Leander McCormick Observatory at the University of Virginia (UVA)
The McCormick Observatory at the University of Virginia fulfilled Thomas Jefferson’s dream of an active astronomy program at the university. It was built with a gift from Leander McCormick, of mechanical reaper fame, in 1882-1884. It was the largest refracting telescope in America at the time and is still the tenth largest such telescope in the world. Between 1915 and the early 1990s, it was used to calculate distances of a quarter of the stars whose distances have been calculated. Today, research observations have moved to a different observatory, but the McCormick facilities remain fully operational and are used for introductory and public programs.
Backstory and Context
An active astronomy program was part of Thomas Jefferson’s original dream for the University of Virginia; he went as far as suggesting that a starscape be painted on the inside of the famous rotunda (this vision has been realized in recent years by use of projectors). Jefferson may have even built the first observatory in the United States when he constructed one in 1823 inside a house on UVA’s campus near Monore Hill. The university bought land—called Observatory Mountain, now renamed Mt. Jefferson—for another observatory in 1825. One was constructed in 1828; however, it was never completely finished or used and was demolished in 1859. Even though yet another small observatory was built near Monroe Hill in 1830, university administrators had no interest in developing an astronomy program until at least the 1860s.

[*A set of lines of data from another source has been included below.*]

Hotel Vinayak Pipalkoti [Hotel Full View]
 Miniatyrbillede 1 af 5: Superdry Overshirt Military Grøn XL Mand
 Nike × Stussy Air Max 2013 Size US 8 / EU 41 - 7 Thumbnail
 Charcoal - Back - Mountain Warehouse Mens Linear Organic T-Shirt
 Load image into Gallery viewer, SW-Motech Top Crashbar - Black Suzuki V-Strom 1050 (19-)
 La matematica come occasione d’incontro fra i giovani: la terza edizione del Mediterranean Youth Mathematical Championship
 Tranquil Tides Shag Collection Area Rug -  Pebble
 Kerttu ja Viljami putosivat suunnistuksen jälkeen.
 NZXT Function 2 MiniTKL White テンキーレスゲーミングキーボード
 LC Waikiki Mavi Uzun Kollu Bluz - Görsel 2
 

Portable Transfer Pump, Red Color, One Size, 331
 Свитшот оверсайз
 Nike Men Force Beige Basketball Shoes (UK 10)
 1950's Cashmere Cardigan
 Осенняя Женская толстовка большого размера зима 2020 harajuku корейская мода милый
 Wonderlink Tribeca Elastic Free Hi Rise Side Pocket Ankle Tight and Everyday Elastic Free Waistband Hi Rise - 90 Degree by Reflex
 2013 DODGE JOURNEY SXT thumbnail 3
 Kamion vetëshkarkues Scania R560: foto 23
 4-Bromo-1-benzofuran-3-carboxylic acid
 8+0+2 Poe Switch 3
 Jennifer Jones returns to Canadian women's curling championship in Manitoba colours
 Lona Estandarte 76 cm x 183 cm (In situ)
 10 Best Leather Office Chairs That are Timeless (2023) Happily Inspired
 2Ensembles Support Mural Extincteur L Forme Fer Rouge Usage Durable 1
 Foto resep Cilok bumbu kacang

Leander McCormick, of the McCormick mechanical reaper family and Chicago’s McCormick Harvesting Machine Company, began planning to donate what he hoped would be the largest telescope in the world to a university in his home state of Virginia in 1870. Having grown up in Rockbridge County, he first reached out to Washington College (which would become Washington and Lee University the next year). He also made an offer to the University of Virginia. There is some controversy over what happened next. W&L began planning and fundraising for the telescope, while McCormick continued to talk with UVA. The project was interrupted by the Great Chicago Fire of 1871, which burnt most of McCormick’s properties and factories, and the Panic of 1873. Nevertheless, he remained committed to the telescope project, and chose to donate it to UVA in 1877. W&L administrators and Lexington residents, however, continued to operate under the assumption that they were receiving the telescope for some time. McCormick had made it a condition of his $68,000 gift that the receiving school raise a matching trust to pay staff and the remaining cost of an observatory building. His understanding, communicated to W&L in a letter sent later in 1877, was that only UVA could afford it. The telescope, despite protests from W&L, went to UVA, which was able to raise $75,000, including a $25,000 gift from William Vanderbilt.
McCormick ordered the device, a refracting telescope with a 26-inch lens, from Alvan Clark and Sons. They had produced a similar instrument for the US Naval Observatory a few years earlier and later manufactured what is still the largest refractory telescope in the world. The Romanesque Revival observatory building was designed by Wilson Brothers & Company. The unique dome, which is forty-five feet in diameter, was patented and built by Wilson and Swasey; Scientific American praised the design for its “ease of motion.” Construction—atop Observatory Mountain/Mt. Jefferson—began in 1882 and was completed in 1884. The observatory was dedicated on April 13th, 1885. At the time, it was the largest telescope in the United States and the second largest in the world (it is currently the tenth largest in the world).
A Queen Anne-style house for the observatory director, now known as the Alden House, was built in 1882-83 and still stands at the bottom of Mt. Jefferson. It was split into apartments in the 1970s and closed in 2004. An addition was built onto the observatory in 1930 with more classrooms and offices; another addition was completed in 1972. A much smaller observatory, equipped with an astrograph, was built nearby in 1934.
From 1914 until the early 1990s, the main telescope was used to measure stellar distances; by the end of the project, twenty-five percent of all measured star distances had been calculated using the McCormick telescope. Beginning in 1934, university astronomers used the astrograph to catalog nearby red dwarf stars according to the radiation they absorbed and emitted using spectroscopy. This data is still used in current astronomical research. As light pollution from Charlottesville began to increase, the university moved most of its research to a new observatory at Fan Mountain. Today, the McCormick Observatory is used for introductory and public programs; it is fully functioning with mostly original hardware and furnishings.